Sometimes, wrapping-up an article like this is simple. This one is complicated. To help explain why, allow me to quote myself from the intro of my look at NVIDIA’s GTX 650 Ti late last year: “NVIDIA does such a great job filling holes in its product line-ups, that sometimes it manages to fill a void we didn’t even know existed.

At that time, I couldn’t believe what I was seeing: a brand-new GPU to slot in somewhere I didn’t think it needed to. The gap between the GTX 650 and GTX 660, I felt, was comfortable enough. Adding the GTX 650 Ti to the mix just made a gamer’s purchasing decision all the more difficult. Choice can sometimes be good, but I think there’s a limit to that.

The real reason NVIDIA rolled-out the GTX 650 Ti was to take people’s minds off of AMD’s attractive “Never Settle” campaign it launched a month earlier. This is where competition can sometimes lead us.

While it’d be foolish to state that AMD’s Radeon HD 7790 is a response to NVIDIA’s Titan, it could be from the aspect of AMD’s wanting to turn heads back to its side of the court. After all, free BioShock Infinite? For a $150 GPU, a free $60 game is attractive. NVIDIA has its free-to-play bundle valued at higher, but judging from comments on our site and others, I’ve been able to find few people who have a great interest in it. Had the $75 been claimable for a single title, I think the draw would be far higher.

So yes, what I’m getting at is that neither of these two brand-new GPUs need to exist. As far as I’m concerned, both of them titan up (see what I did there?) a gap that was tight enough. On the upside, more GPUs means more chance to find one at a great price. In this regard, especially on the AMD side, things get weird.

AMD Radeon HD 7790 and NVIDIA GeForce GTX 650 Ti BOOST

At the moment, you can score an HD 7850 2GB for about $180 with certain vendors (like Sapphire). That’s $10 more than the 7790 2GB model. Unfortunately, due to issues we experienced with our testing motherboard recently, we weren’t able to provide HD 7850 results for this article (the two GPUs featured in this article were tested after the problem (a bad BIOS) was solved). However, based on specs alone, it’s not hard to figure out that $10 for 14% more cores and a move to a 256-bit memory controller is going to be a $10 well-spent. Not to mention, that beefier card also adds Tomb Raider to the free games list. Who on earth would purchase an HD 7790 with all of this being the case?

Onto NVIDIA. The GTX 650 Ti BOOST retails for $170 for a 2GB card, while the GTX 660 can be had for $200. The real-world gains for that upgrade would be about the same as going from an HD 7790 to HD 7850, but the end cost is also higher. As mentioned before, AMD offers a couple of blockbuster games to its bundle, while NVIDIA’s sticking with $75 to split on three separate free-to-play titles (Planetside 2, World of Tanks and HAWKEN).

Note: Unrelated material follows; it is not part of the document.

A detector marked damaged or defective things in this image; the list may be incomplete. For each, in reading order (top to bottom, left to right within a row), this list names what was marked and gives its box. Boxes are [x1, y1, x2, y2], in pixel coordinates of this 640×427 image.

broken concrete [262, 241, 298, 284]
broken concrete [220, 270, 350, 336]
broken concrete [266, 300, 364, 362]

Between the two cards we took a look at in this article, NVIDIA comes out the clear winner. While part of me believes that the 1GB framebuffer hurt things on AMD’s card (it’s almost baffling that no site was sent a 2GB model), there’s no question that the 128-bit (from 192-bit) memory bus also contributes to the held-back performance. However, since we don’t have access to a 2GB model, it’s hard to say for certain. Personally, a 192-bit bus gives me much more confidence for the future, especially when dealing with the most popular resolution of the moment, 1080p.

If I were in the market right now for a sub-$200 GPU, AMD’s Radeon HD 7850 2GB is what I’d go with. It costs $180, is faster than the HD 7790 and would match the GTX 650 Ti BOOST, and includes two truly fantastic games. The reason to stick with NVIDIA in this event would boil down probably not to its included F2P cash bundle, but whether or not you appreciate features like PhysX.

Make no mistake, both of these two GPUs are attractive in their own right, but with AMD’s HD 7850 offering that costs a mere $10 more and includes two excellent games, it’s pretty hard to draw any other conclusion.

As for GIGABYTE’s variant of the HD 7790, it’s one I’d heartily recommend if you were to go that route. I’ve appreciated the company’s simple-but-effective designs for a while, and as evidenced on the last page, this one has a low power-draw and fantastic temperatures at load. It’s one area in this comparison where AMD came well ahead of NVIDIA.